(INSTRUCTIONS TO FOLLOW)
Without any of its pictures, the listing below should be output exactly.

(AVAILABLE DATA)
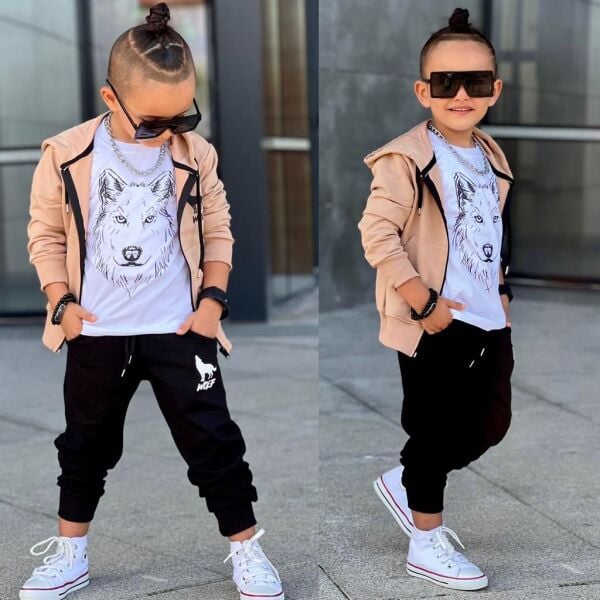 Kurt Model 3'lü Takım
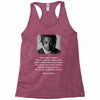 XXXtentacion Quote Racerback Tank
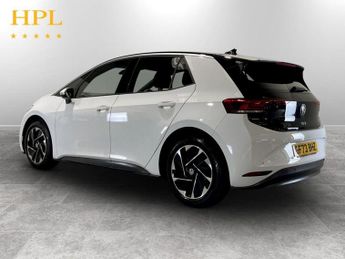VOLKSWAGEN ID.3 Pro 58kWh Hatchback 5dr Electric Auto (204 ps)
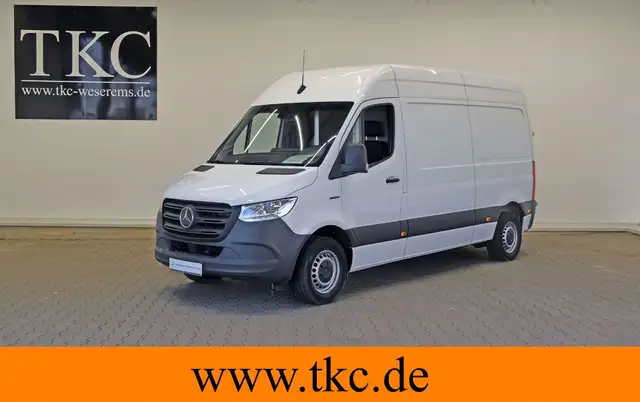 Mercedes-Benz Sprinter eSprinter 312 MR Ka Klima Kamera Regale #76T057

(REPLY)
 Kurt Model 3'lü Takım
 XXXtentacion Quote Racerback Tank
VOLKSWAGEN ID.3 Pro 58kWh Hatchback 5dr Electric Auto (204 ps)
 Mercedes-Benz Sprinter eSprinter 312 MR Ka Klima Kamera Regale #76T057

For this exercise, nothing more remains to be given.